§ Aim of the exercise: In the records below, repeat exactly the lines between the line holding "Used Nissan Terra" and the line holding "Apartment Marina Razanj Luaran gambar", inclusive, and drop the pictures.

§ Records provided:
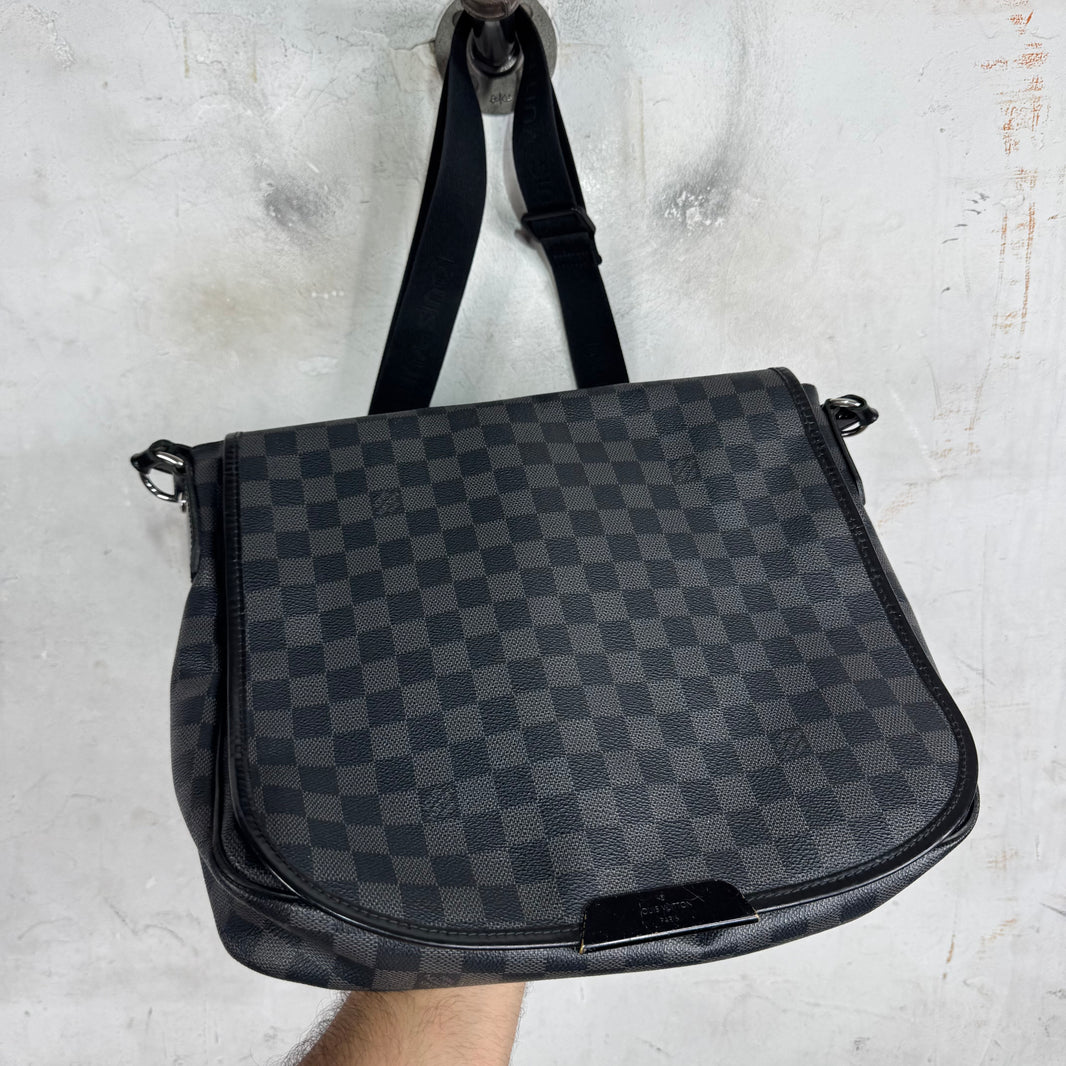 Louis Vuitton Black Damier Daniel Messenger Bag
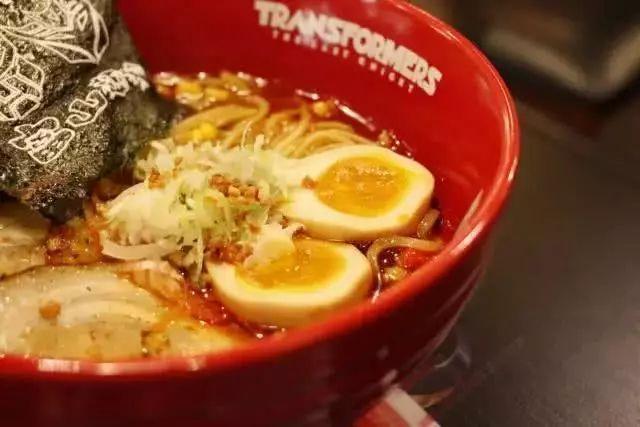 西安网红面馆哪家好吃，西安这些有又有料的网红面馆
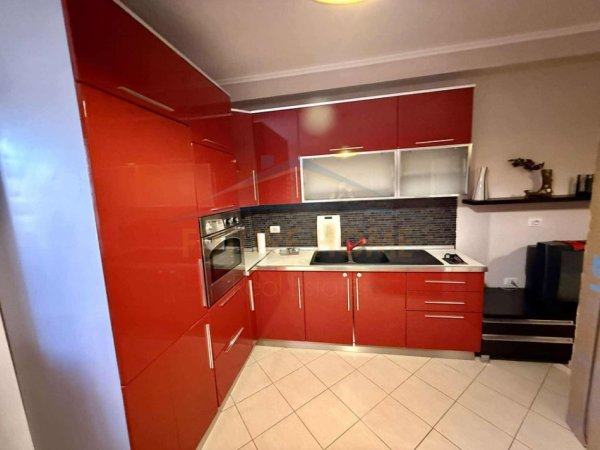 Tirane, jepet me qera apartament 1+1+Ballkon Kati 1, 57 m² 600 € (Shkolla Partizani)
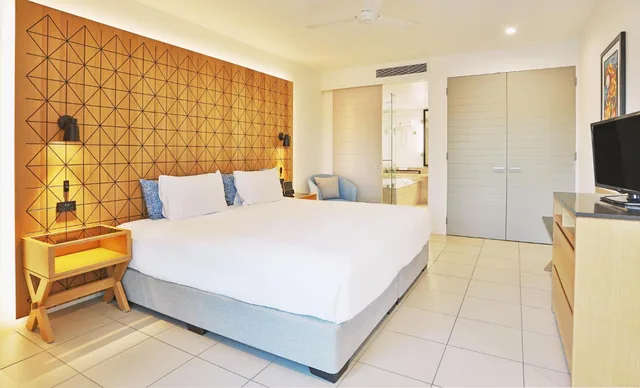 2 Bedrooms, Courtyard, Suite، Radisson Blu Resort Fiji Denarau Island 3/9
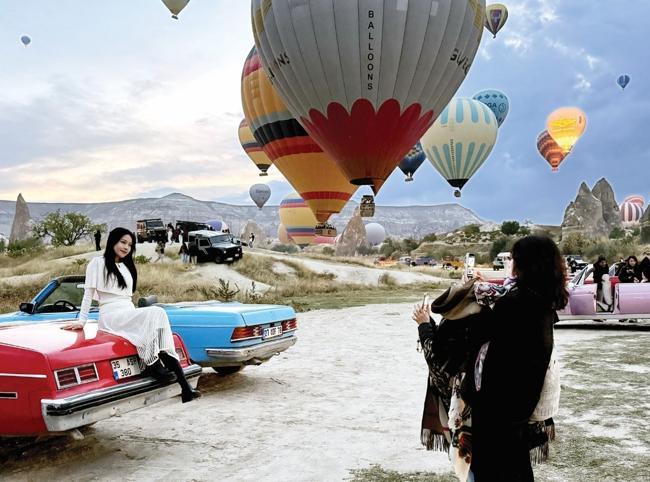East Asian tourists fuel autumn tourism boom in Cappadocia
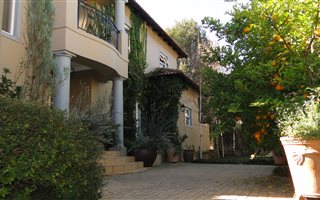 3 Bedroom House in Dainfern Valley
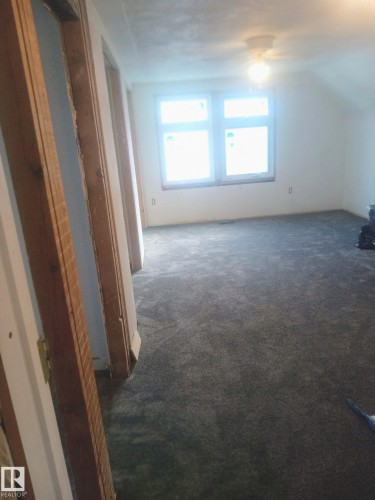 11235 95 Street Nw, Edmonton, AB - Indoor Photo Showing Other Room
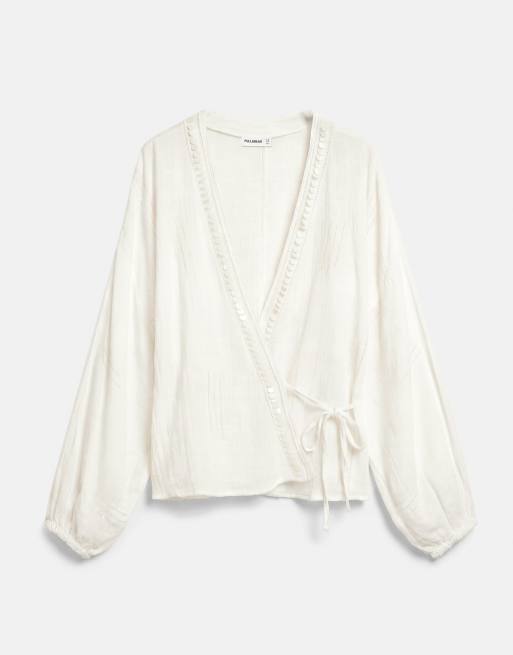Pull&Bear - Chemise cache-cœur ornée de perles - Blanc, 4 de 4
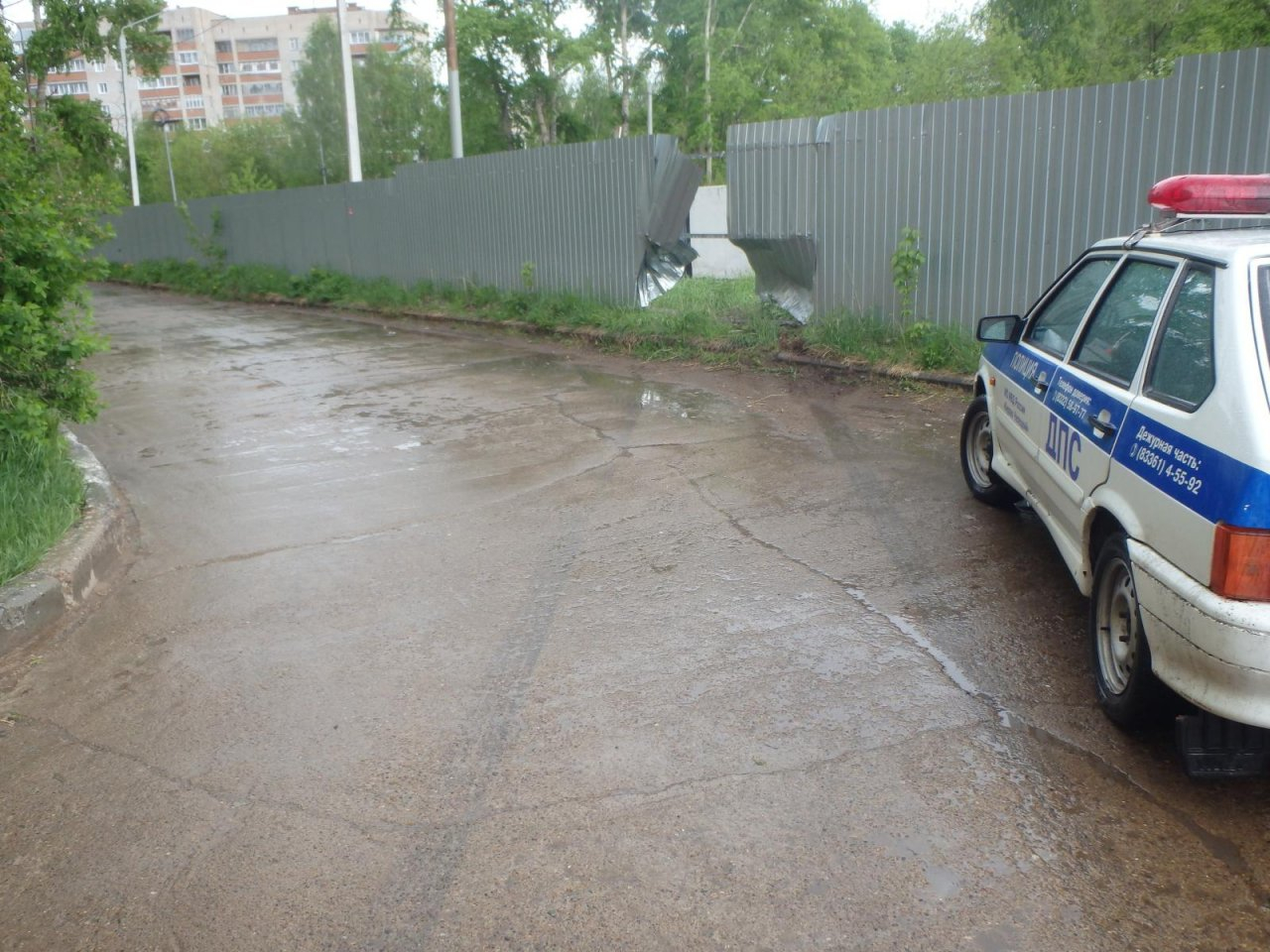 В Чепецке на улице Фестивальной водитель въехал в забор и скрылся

* * *

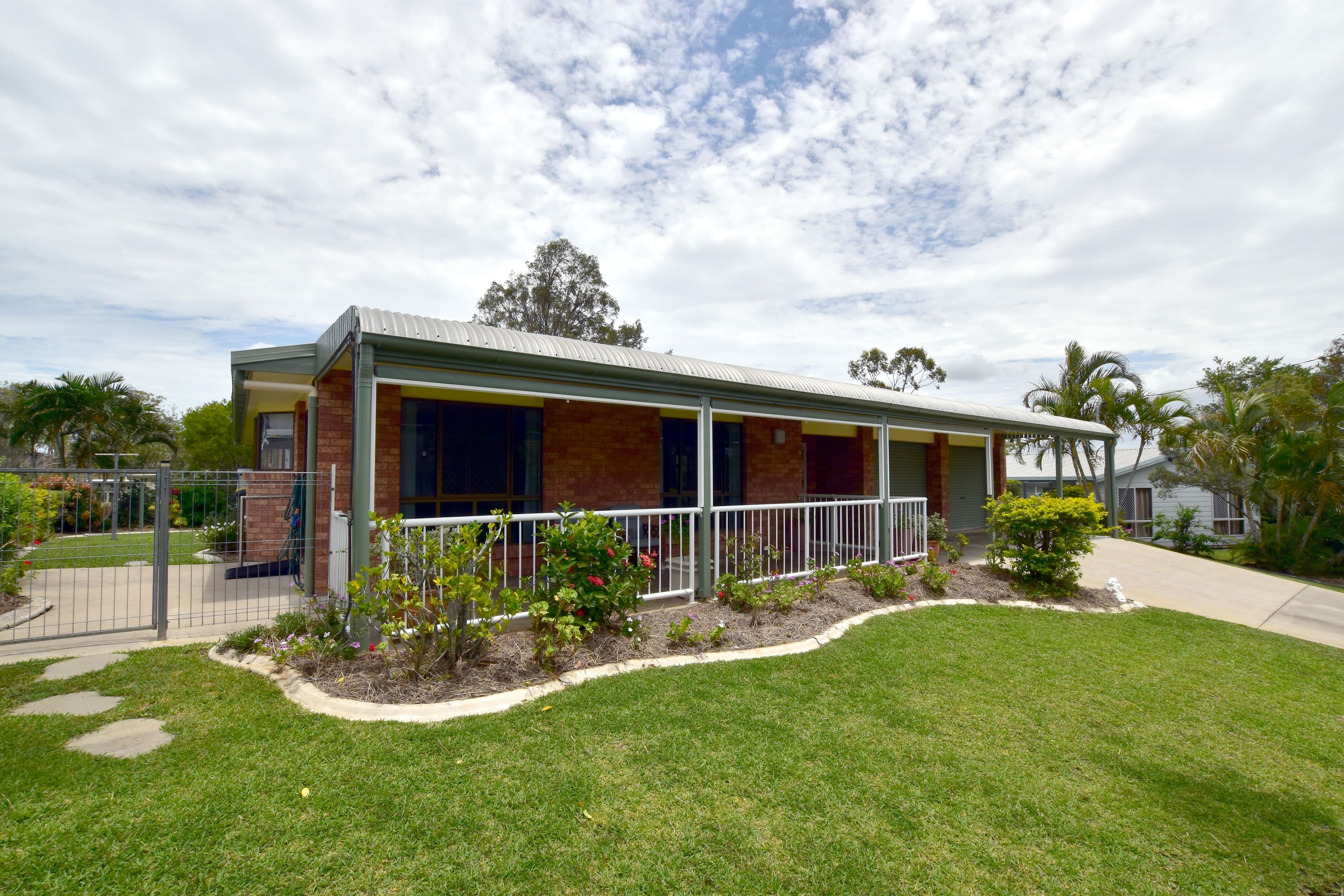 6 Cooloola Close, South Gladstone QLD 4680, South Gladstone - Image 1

==

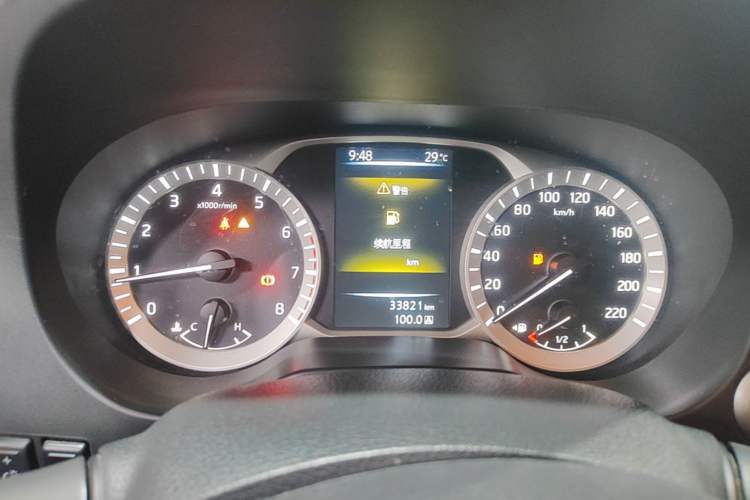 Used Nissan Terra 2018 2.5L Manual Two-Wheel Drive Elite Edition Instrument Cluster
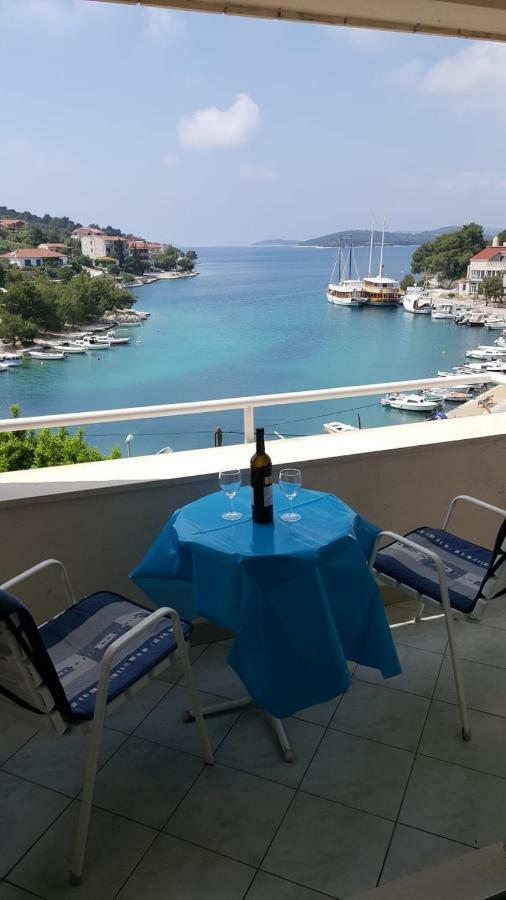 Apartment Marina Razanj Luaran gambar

§ Task output:
 Used Nissan Terra 2018 2.5L Manual Two-Wheel Drive Elite Edition Instrument Cluster
 Apartment Marina Razanj Luaran gambar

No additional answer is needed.